Hybrid time–frequency method for vibration fatigue damage analysis under non-stationary non-gaussian random excitation

Abstract

Accurate assessment of vibration fatigue life under non-stationary non-Gaussian excitations remains a critical challenge in mechanical system reliability. Traditional vibration fatigue frequency domain methods relying on stationary power spectral density (PSD) inherently overlook temporal variations and non-Gaussianity in stress responses, resulting in fatigue damage prediction errors that escalate exponentially with the fatigue exponent b. To address this limitation, this study proposes a hybrid time–frequency methodology that incorporates the amplitude-frequency response characteristics of the structure and reveals the critical role of excitation signal phase in influencing vibration fatigue life. The method not only resolves the inherent shortcomings of conventional spectral approaches but also enables inverse synthesis of excitation signals with controllable response characteristics.

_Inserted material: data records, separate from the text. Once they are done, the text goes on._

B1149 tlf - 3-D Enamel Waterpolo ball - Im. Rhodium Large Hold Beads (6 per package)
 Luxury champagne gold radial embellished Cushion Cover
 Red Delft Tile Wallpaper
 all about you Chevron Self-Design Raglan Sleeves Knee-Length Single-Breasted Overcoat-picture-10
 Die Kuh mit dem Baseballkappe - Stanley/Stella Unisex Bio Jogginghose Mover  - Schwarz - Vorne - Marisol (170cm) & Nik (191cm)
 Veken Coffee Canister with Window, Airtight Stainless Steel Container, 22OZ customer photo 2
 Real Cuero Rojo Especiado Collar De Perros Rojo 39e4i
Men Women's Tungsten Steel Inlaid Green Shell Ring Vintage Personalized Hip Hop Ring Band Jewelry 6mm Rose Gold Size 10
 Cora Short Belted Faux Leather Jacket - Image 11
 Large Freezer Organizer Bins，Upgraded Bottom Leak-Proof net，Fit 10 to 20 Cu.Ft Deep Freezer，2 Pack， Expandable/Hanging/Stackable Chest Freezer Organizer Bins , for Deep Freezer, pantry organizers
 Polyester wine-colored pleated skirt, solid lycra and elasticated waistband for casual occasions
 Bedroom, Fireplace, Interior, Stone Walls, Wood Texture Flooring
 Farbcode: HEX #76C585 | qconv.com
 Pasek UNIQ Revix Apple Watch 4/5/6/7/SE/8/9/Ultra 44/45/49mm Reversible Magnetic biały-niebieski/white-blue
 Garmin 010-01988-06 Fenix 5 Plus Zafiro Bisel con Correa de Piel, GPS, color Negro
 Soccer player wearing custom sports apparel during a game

Numerical simulations and experimental validations demonstrate that the proposed approach significantly reduces in fatigue life predictions. Furthermore, the method serves a dual purpose: it advances vibration fatigue analysis for systems operating in complex service environments and introduces a novel approach for designing accelerated fatigue tests through tailored excitation signals. This work attempts to narrow the gap between non-stationary non-Gaussian vibration theory and practical engineering applications, providing a useful tool for reliability-driven mechanical design.